Crescent Hill Reservoir

Several people have asked about the beautiful water company reservoir in Louisville (Crescent Hill Reservoir & Gatehouse), where several of our photos in our Sunday post were taken.

For those ever thinking of visiting the Louisville area, and you want some ideas on where and when to visit, let us know! We’re not quite experts, but we can sure give you some great pointers. There are so many great things to see and do in the Louisville and southern Indiana area that you can make an entire week-long visit here and only scratch the surface!

I thought I would give you a little more info on the reservoir. It’s truly fascinating and beautiful to visit in any season, as highlighted by our photos. We try to visit at least of couple of times each year. It is a great place for a beautiful walk and some pretty amazing photos.

Now, more about the reservoir and the beautiful historic gatehouse.


The fully restored historic Crescent Hill Gatehouse reopened to the public on May 13, 2015. This was the first large-scale restoration of the gatehouse, which was designated a Kentucky Historic Site in 2010.

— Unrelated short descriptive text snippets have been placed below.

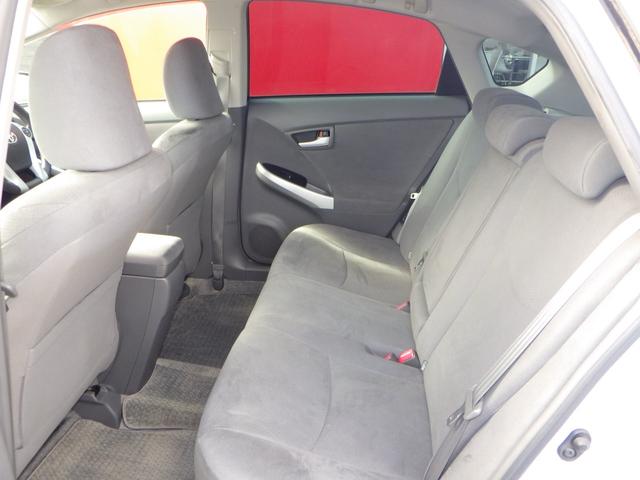 プリウス Ｓツーリングセレクション　１年保証付　純正ナビ　フルセグＴＶ　バックカメラ　ＥＴＣ　ステアリングスイッチ　ＬＥＤヘッドライト　オートライト　ＣＤ・ＤＶＤ再生　スマートキー　プッシュスタート　純正アルミホイール　ウィンカーミラー（39枚目）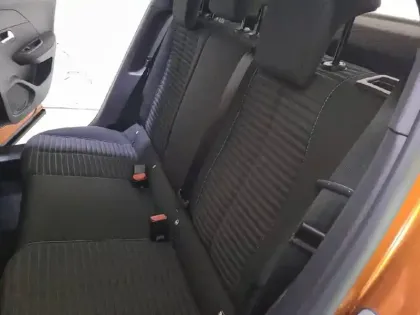 Photo 31 Peugeot 2008  PureTech 100 S&S BVM6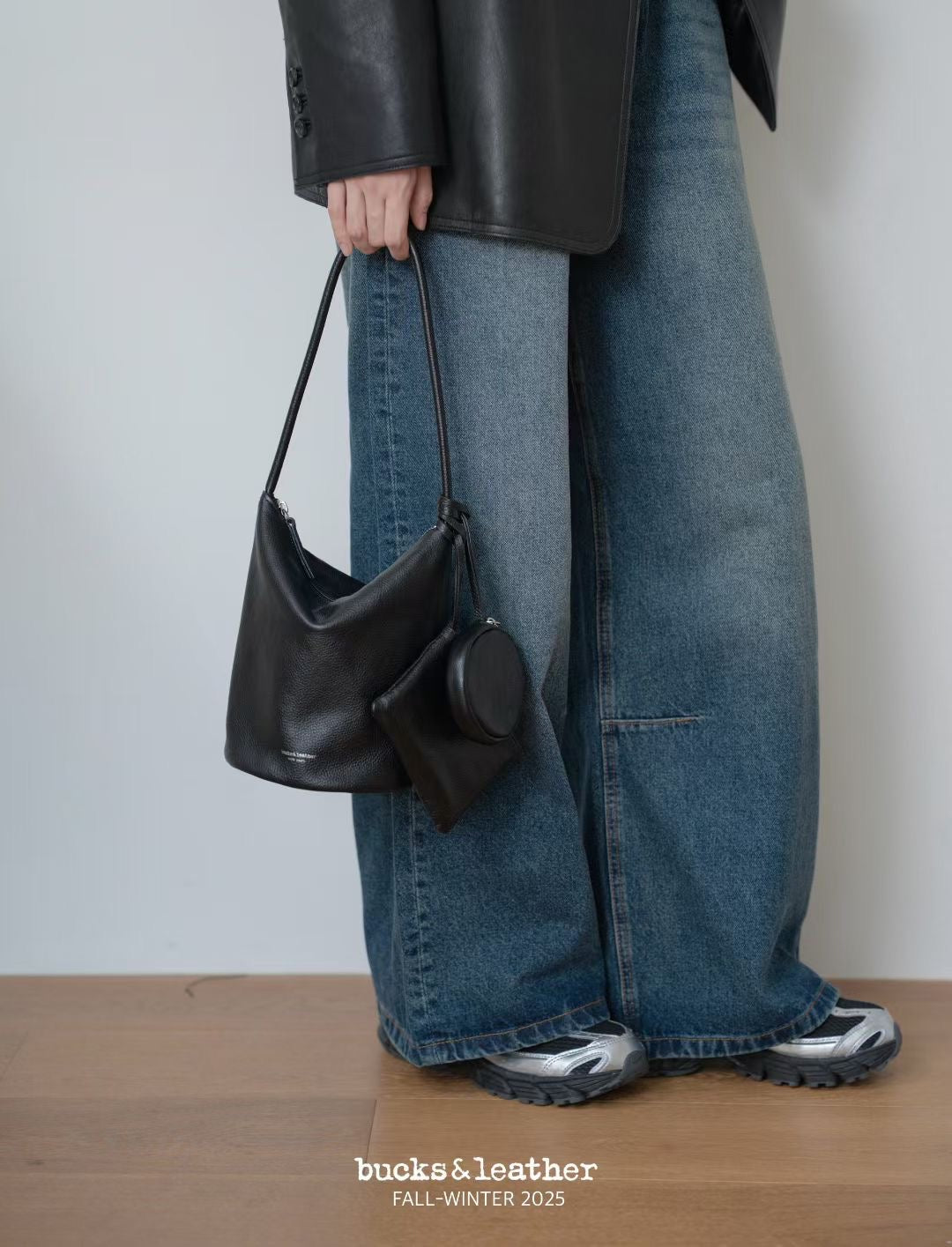 Bucks & Leather Classic Bucket bag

In 1860 the first 512 customers, mostly businesses, who received running water got straight river water, minus only the mud that had settled out. The original Reservoir was where the Louisville Veteran's Medical Center is today. Old annual reports say when you got a cup of water from Louisville Water in 1860, it sometimes had some leftover mud in it! We’ve improved a lot since then. As demand increased, the company needed a new reservoir. At that time Crescent Hill was farms and large private estates. There was lots of open land available and the new site would be 33-feet higher than the old one. More importantly, the new reservoir would a have 110-million gallon capacity, which was ten times the capacity of the first.


Water had to travel from the Ohio River to the new reservoir. Workers cut through the rock and dug a deep ditch for a large, 30-inch diameter main. When a road was eventually added, it was called “Pipe Line Lane.” That road is now Zorn Avenue after Sebastain Zorn, who served as president of Louisville Water Company.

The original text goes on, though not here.